Immer noch auf dem Boot wurden die Visa ausgefüllt,bezahlt und dem Guide übergeben der nach dem Anlegen verschwand und uns sagte das wir 1 Stunde Pause haben.

 

Wir haben diese Stunde natürlich benutzt um wieder die Toilettensitution zu checken und etwas zu essen.

Beides ging so lala

 

Pünktlich ging es wieder aufs Boot um ein paar Meter weiter zu schippern..wieder runter vom Boot,jetzt ging es zur Passkontrolle und zum stempeln.

Das wir nicht jeder in La-ola Welle einen Schreikrampf bekommen haben war alles.

 

Sowas hat die Welt noch nicht gesehen an Grenzübergang

Guckt euch die Bilder an ..wenn ich sie einstelle.

 

Passkontrolle  ein großes Gebäude mit vielen wichtigen Personen und vielen Stempeln.

jeder bekam 10 Stempel.

Wir haben dann festgestellt als wir uns das Visa ansahen das wir alle unterschiedlich bezahlt haben und jeder mindeestens 5 Dollar zu viel.

Zwischen Visagebühr die eingetragen war und was wir bezahlt haben waren 5 Dollar Differenz.

Für wen die wohl waren,aber wir sind ja Gönner geworden.

 

Dann ging die Fahrt weiter auf dem Fluss..es war schon sehr interessant so die Grenze zu überqueren.

 

 

Irgendwann ist jede  Fahrt mal zu Ende und wir strandeten.

Wie das aussah ist kaum zu beschreiben.Ein Boot mit Menschen haut sich irgendwie in die Böschung......fertig.

 

Alles ausladen und umladen bei uns ins Auto.bei andern in einen Kleinbus.

Hier dann die drei Grazien

 

Nun ging es weiter mit dem Auto nach Phom Penh.

 

Arm wars immer noch,aber anders arm.

Die Häuser waren nicht so runtergekommen und es liefen viele weiße Kühe rum....und alles an Federvieh.
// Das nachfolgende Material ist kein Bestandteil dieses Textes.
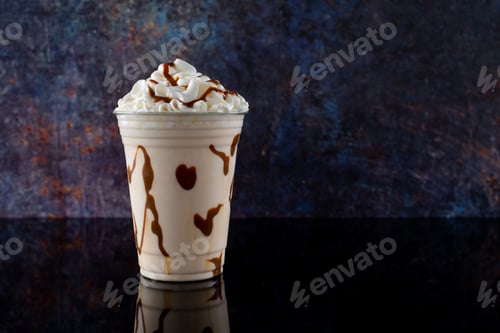 Preview: Vanilla milkshake with chocolate syrup on dark background.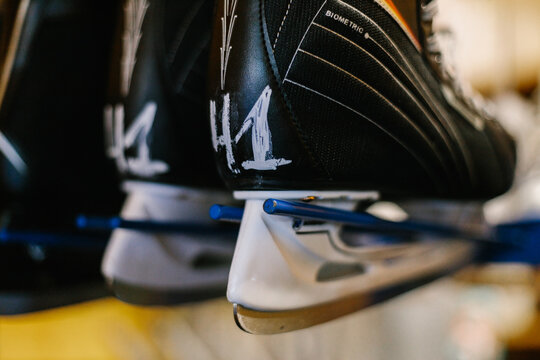 Close-up of a black ice hockey skate heel with the number 41 written on it, stored on a rental rack.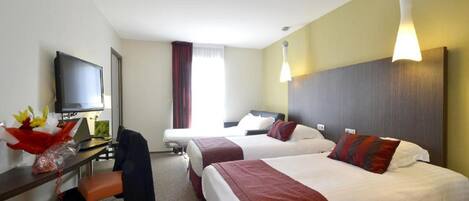 A hotel room with two beds, a desk with a TV, and a chair.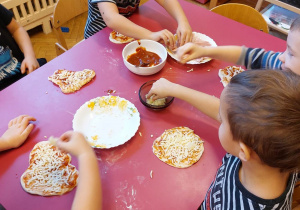 Na zdjęciu trzech chłopców przy różowym stole nakładają ser na ciasto do pizzy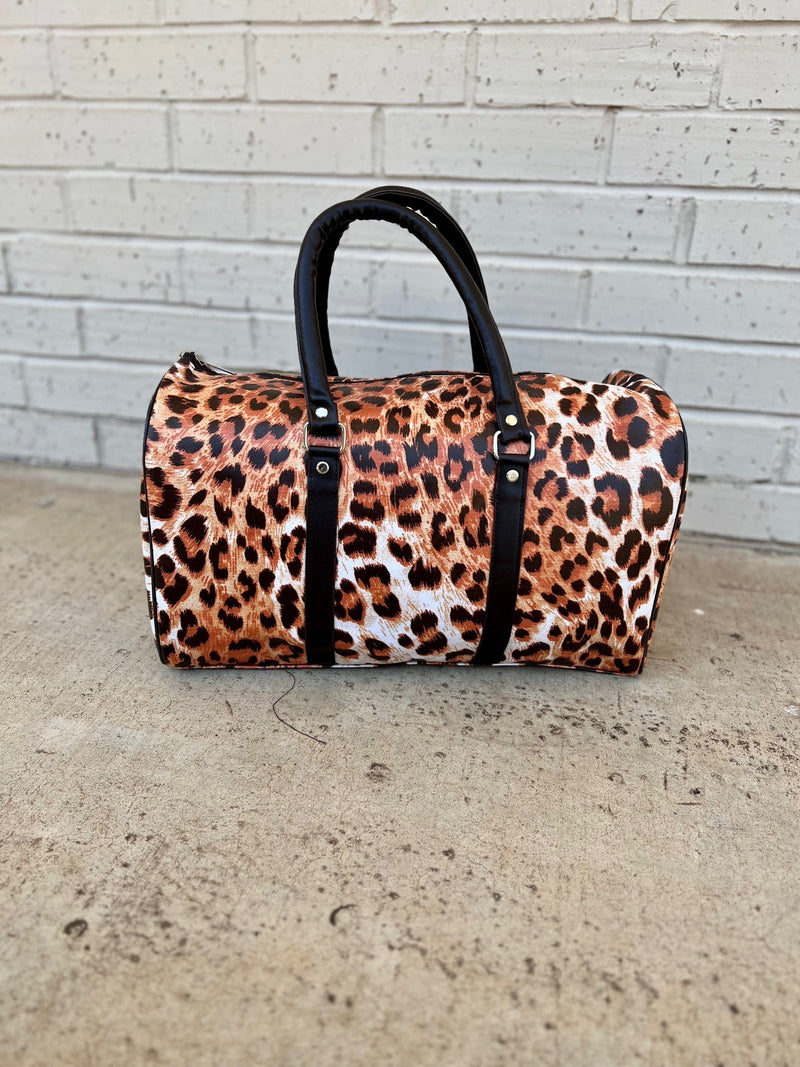 Explore the wild side with these eye-catching Wild Journey Travel Bags! The perfect carry-on sized handbag, they boast plenty of faux animal leather and a stylish animal print. Go on a spontaneous getaway with your new favorite travel companion! (No need to worry about forgetting the essentials– these bags have you covered!)  17"L X 9"W X 10"H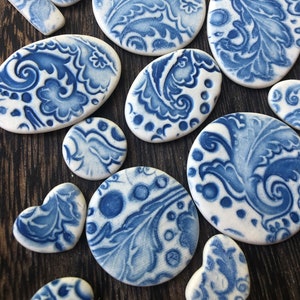 May include: A collection of white ceramic pieces with blue floral patterns. The pieces vary in shape, including ovals, circles, and hearts. The blue designs feature intricate leaf and swirl motifs, creating a classic, decorative aesthetic. The pieces are arranged on a dark wooden surface.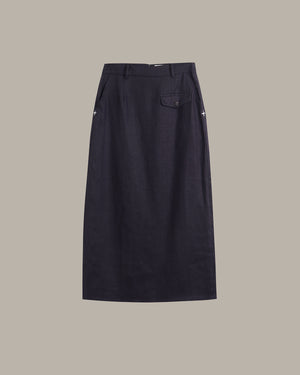 A dark navy blue skirt with a single buttoned flap pocket on the right side, shown flat against a solid taupe background.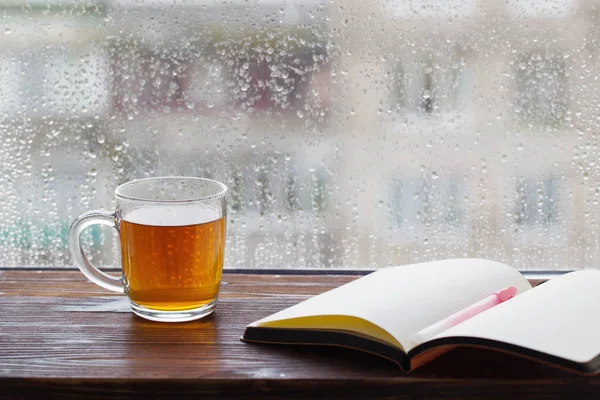 Kopje thee op de achtergrond van het raam met regendruppels bij zonsondergang — Stockfoto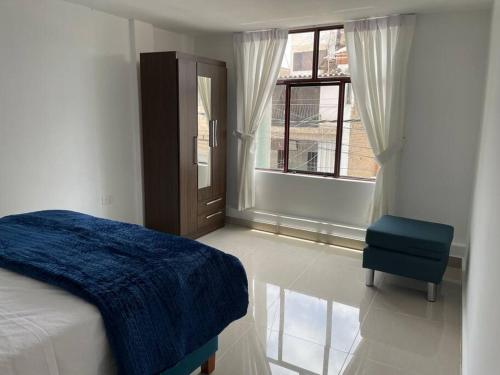 - une chambre avec un lit, une chaise et une fenêtre dans l'établissement Exclusivo Apartamento en el Centro Histórico Trujillo - 3er Piso, à Trujillo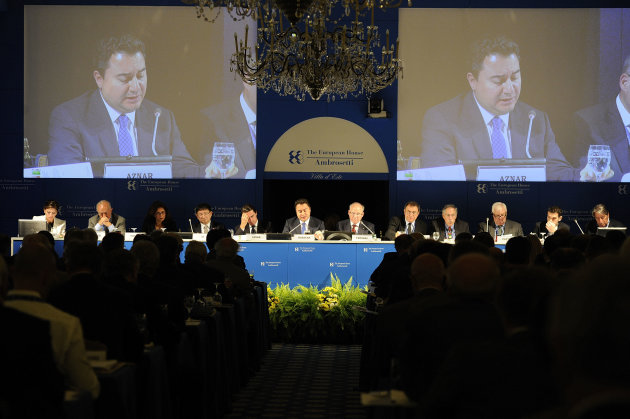 Deputy Prime Minister of Turkey Ali Babacan, center, speaks during a meeting on the world economy in Cernobbio, Italy, Friday, Sept. 7, 2012. Experts and leaders gathered in Italy to discuss the global financial crisis. (AP Photo/Giuseppe Aresu)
Hier dominierte auf jeden Fall die Landwirtschaft.

 

Ställe kennen sie nicht....die Tiere sind oft unter dem Haus festgemacht wenn sie dann festgemacht werden.Ansonsten laufen sie rum.
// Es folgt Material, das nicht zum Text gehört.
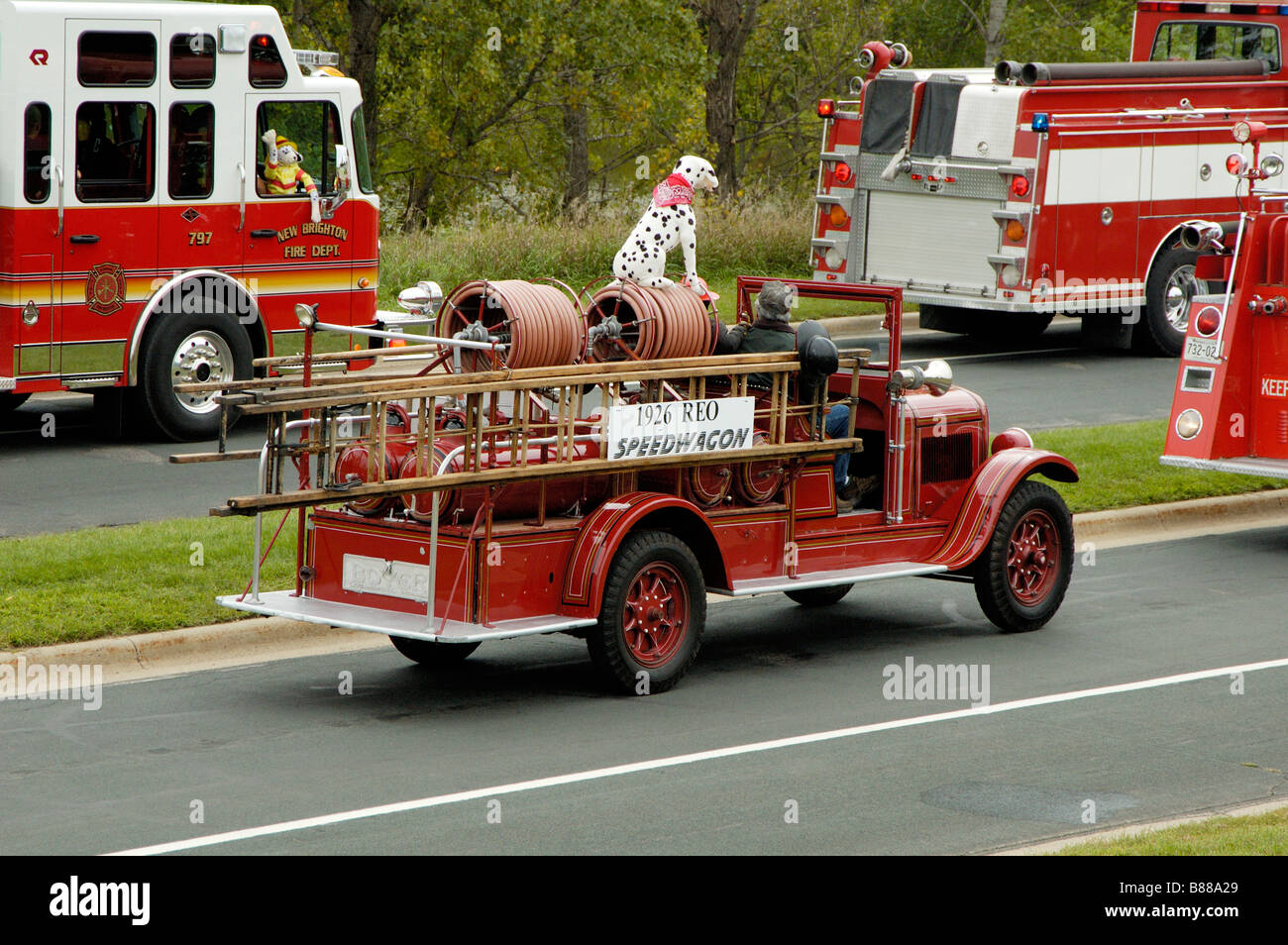 An antique fire department vehicle being driven in a fire muster parade Stock Photo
Tiertransporte.Abenteuerlich für Mensch und Tier

In Vietnam haben wir ja schon gesehen das 5 Ferkel in einem Käfig gestapelt waren.drei unten 2 darüber.
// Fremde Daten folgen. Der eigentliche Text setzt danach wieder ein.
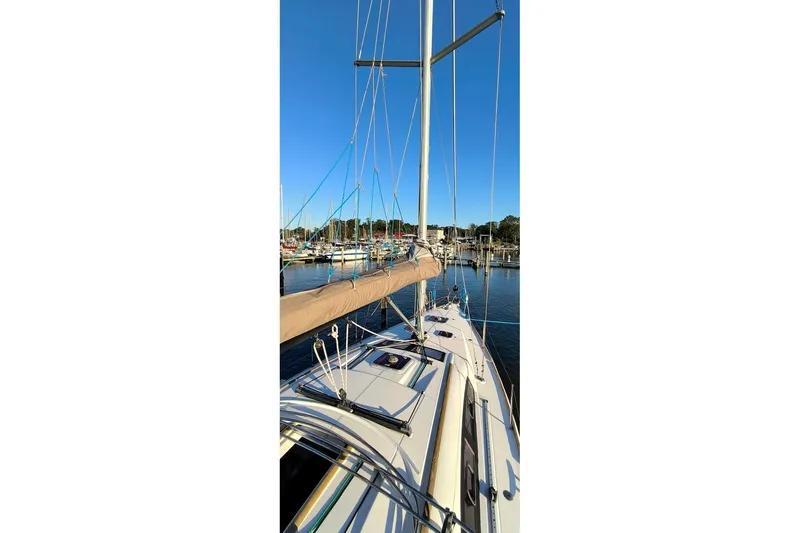  Yacht Photos Pics Sailboat Beneteau Oceanis 40, 2011 model, docked at marina under clear blue sky.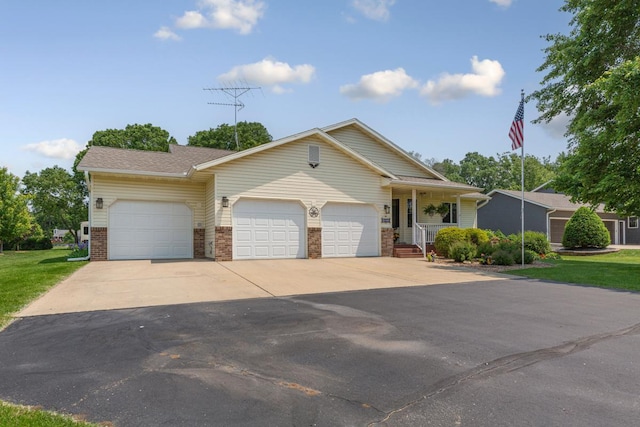 4820 Echo Ct, Faribault, MN 55021 - view of front of house with a garage, driveway, brick siding, a porch, and a front lawn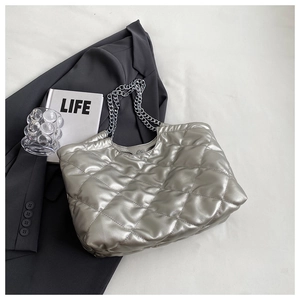 Close-up of metallic silver quilted chain tote bag on a professional grey blazer background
Hatte ich die Kuh auf dem Balkon schon erwähnt...so kommt Kuhscheiße aufs Dach.

Ansonsten fahren Mofas an uns vorbei..beladen mit 50 Enten oder Hühner....ist keine übertreibung,ich habe leider keine Fotos.

Ich habe dann gehört das die Tiere für den Transport ruhig gestellt werden.ich hatte mich schon gewundert das sie keinen Ton von sich gaben.Hier gibt es laut Aussage der Lehrerin einen extra Beruf der befähigt  Tiere für den Transport zu betäuben.

Zwischendurch durften wir ale aussteigen weil die Strasse weg war.

Die lag nun im Mekong.Unser Fahrer fuhr wie alle andern irgendwie durch ein Feld oder sowas.

 

 

 

Nach 2-3 Stunden waren wir dann am Ziel.Durch die quatscherei weiß ich garnicht wie lange das nun gedauert hat.

 

Auch in Cambodia sind alle sehr rege.So hatten wir null komma nichts einen Tuk.tuk Fahrer.

Nach kurzem Verhandeln haben wir ihn dann gleich für den Nächsten Tag gebucht.

 

Die Verabschiedung von der Lehrerin und ihrer Freundin war nur noch ein winken und weg waren wir.

 

Hier kamen wir dann auch wieder ins Netz.

 

Blöd war dann nur der Stromausfall...alles war weg.Auf ein neues.Dann Wartung von Overblog.grrrrrrrrrrrr.

 

Mittlerweile habe ich über 2000 Bilder gemacht von daher kann das dauern,weil ich erst nachschreiben möchte.

 

Wir haben im Hotel gegessen,sehr lecker.